Report: Local news somehow even worse than it was before
According to Pew, the news source nearly half of Americans watch regularly features very little actual news
Topics: Media, Media Criticism, Journalism, newspapers, Pew Research Center, Business News, Politics News
The Pew Research Center’s Project for Excellence in Journalism State of the News Media 2013 report is out, thrilling media reporters and people who read media reporting everywhere. The first, big, dumb takeaway — courtesy Politico, natch — is that MSNBC has the most “opinion” of all the cable news channels, and the least “news.”
Opinion filled 85 percent of the content on MSNBC, according to the Pew Research Center’s 2013 State of the News Media report. On Fox News, commentary made up 55 percent of its coverage, while CNN was the only of the big three cable news channels to produce more straight reporting than opinion. Even so, story packages and daytime live event coverage on CNN was cut down by about half between 2007 and 2012, the report found.
That’s a bit of a misuse of the word “opinion,” which does not, in this case, refer to liberal punditry, but rather to all interviews and other segments that involve people talking instead of live reports or reported “packages.” That kind of programming is common because it’s cheap, and MSNBC and Fox do not actually pay many people to do “reporting” — they are cable “talking about the news” channels, basically. But don’t assume reported pieces are intrinsically superior to commentary. Some of that “opinion” programming is informative and useful in a way that live shots of, say, poop boats are decidedly not. And some of that programming is “Morning Joe,” the talking head equivalent of a poop boat.
But more important, cable news’ audience is minuscule, in the grand scheme of things. The real action is in local news. Local news is terrible. And, shockingly, it’s getting worse, as Paul Waldman writes at the American Prospect.
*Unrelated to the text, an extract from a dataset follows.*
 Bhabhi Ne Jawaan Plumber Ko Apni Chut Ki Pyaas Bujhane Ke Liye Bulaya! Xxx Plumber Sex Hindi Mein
Local news used to be mostly crime, traffic, sports and weather. Now it’s almost only those things. From the report:
Thus, when sports, traffic and weather are combined, the airtime time devoted to these subjects rose from 32% of local TV newscast studied to 40% of local TV newscasts studied—a 25% increase. Indeed, Pew Research’s examination of 48 evening and morning newscasts in late 2012 and early 2013 found that 20 of them (or 42%) led with a weather report or story.